Wokingham Today

Building bridges

- The Revd Calvin Julian-Jones, Sindlesham Baptist Church on behalf of Churches Together in Wokingham

IT is strangely ironic that in the news recently we saw Russia reported as building a new bridge, longer than any other in Russia and the United States of America (or at least President Trump) once again speaking of plans to build a wall on its Mexican border.

The bridge will connect Russia to Kerch on the Crimean Peninsula, which it forcibly, annexed from Ukraine in March 2014.

It is a 19km (12-mile) road-rail bridge.

It will not impede shipping, as it will stand 35m (115ft) above the water and the four-lane highway is designed for a capacity of 40,000 vehicles per

24-hour period.

Meanwhile the American wall may be made of bombproof concrete, covered with giant solar panels, house tunneling alarms and even have storage for nuclear waste.

Whatever your political views, walls are fixed barriers to keep people out (or in) while bridges are designed to bring people together.

All of us are involved in Bridge building or constructi­ng walls in our lives with regards to our relationsh­ips with other people.

Some of us are open and friendly while others are like “a closed book.”

The Bible makes it clear that we have all built a massive wall around us to keep God out of our lives, as well as the people who have hurt, upset, irritated, or annoyed us.

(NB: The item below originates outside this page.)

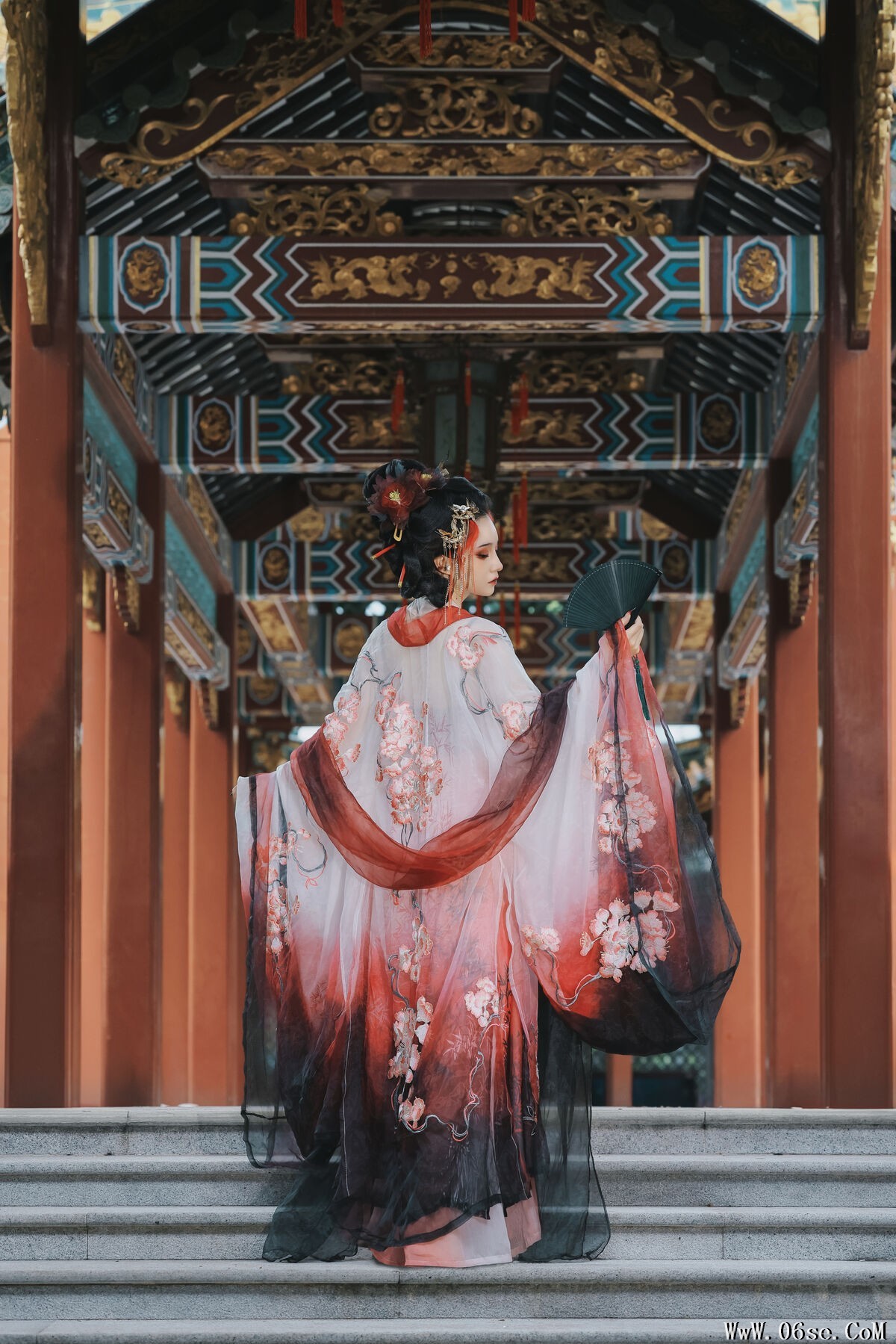 图片[6]-YiTuYu艺图语 Vol.7776 Lin Lang[27P]-六色网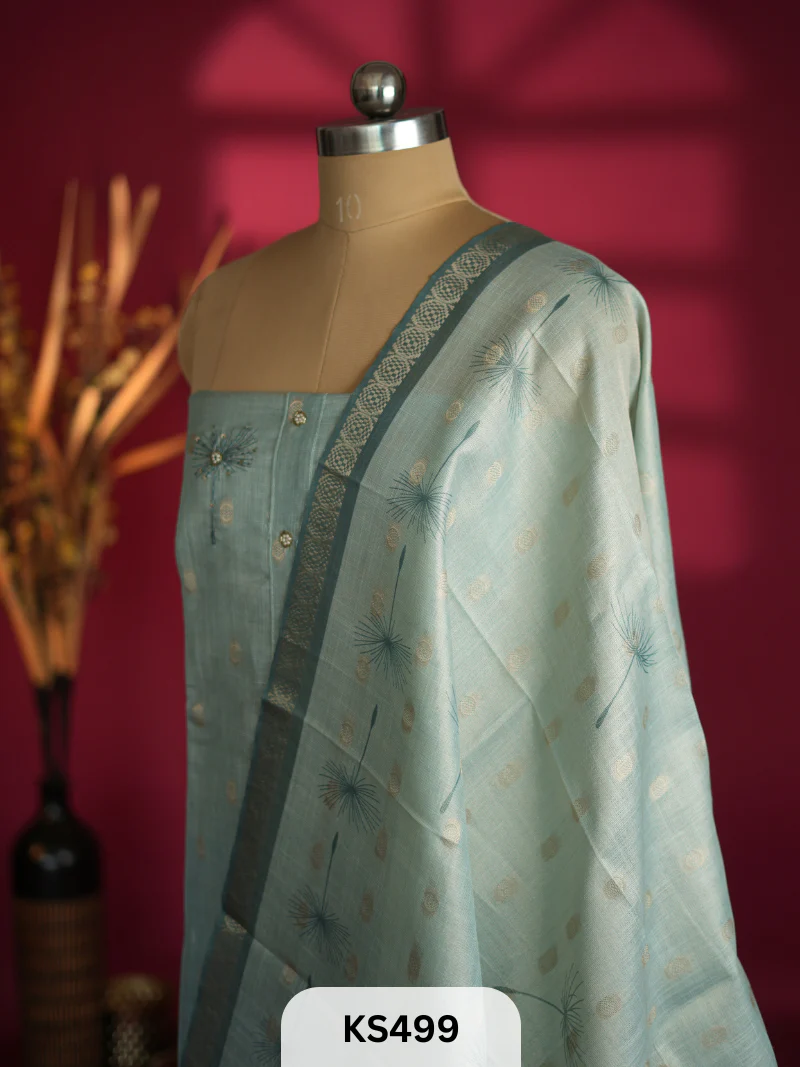 PREMIUM COLLECTION SALWAR SUIT - Image 3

The Good News Christiani­ty proclaims is that

Jesus through His death on the cross “has destroyed the barrier, the dividing wall of hostility” between human beings and also between us and God, (Ephesians 2:14-16) “His purpose… to reconcile both of them to God (Jews and Gentiles) through the cross, by which He put to death their hostility.”

In so doing Jesus became the bridge between

God and humanity, and it is through Him that the way to God has been opened. Jesus spans the gulf between us and God, and invites us to cross that bridge of faith.